Sure, Clinton played his sax on TV, Bush groped Angela Merkel, but Boris Yeltsin gave speeches drunk, tossed women into the water, danced on stage, and generally did all manner of laughable things. But he also turned back a hardline coup by jumping atop a tank and dragged Russia kicking and screaming toward democracy.

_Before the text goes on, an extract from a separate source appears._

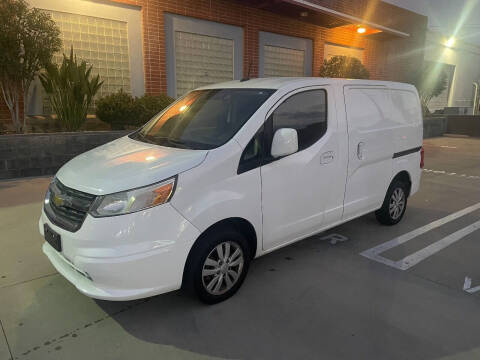 2015 Chevrolet City Express for sale at AS LOW PRICE INC. in Van Nuys CA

Not since cigar chomping, Scotch drinking Winston Churchill led Britain through World War II has the world had a more colorful leader. The Canadian Broadcasting Company called it “strange behavior,” noting:
Yeltsin’s behaviour became increasingly bizarre during his years in office as rumours of excessive drinking swirled. In 1994, the burly, bear-like Yeltsin jumped on the stage during a visit to Germany to conduct a brass band while singing and dancing. Later the same year, he failed to get off a plane during an official visit to Ireland. Russian officials told Irish officials that Yeltsin was unwell, while the common belief among journalists covering the visit was that he was drunk.
In 1997, he unexpectedly announced during a visit to Sweden that he would cut Russia’s nuclear arsenal by one-third and work toward a total world ban on nuclear weapons. Russian officials scrambled to correct the president.
The following year, during a banquet with Pope John Paul II, Yeltsin toasted his “love of Italian women,” and on another occasion, played wooden spoons on the balding head of Askar Akayev, the president of ex-Soviet state Kyrgyzstan.
He made headlines in Canada for taking former Canadian prime minister Brian Mulroney boar hunting in 1993, a move that angered animal activists.
Yeltsin was born to a poor peasant family in the Ural mountains and studied engineering and worked as a construction manager before joining the Communist party.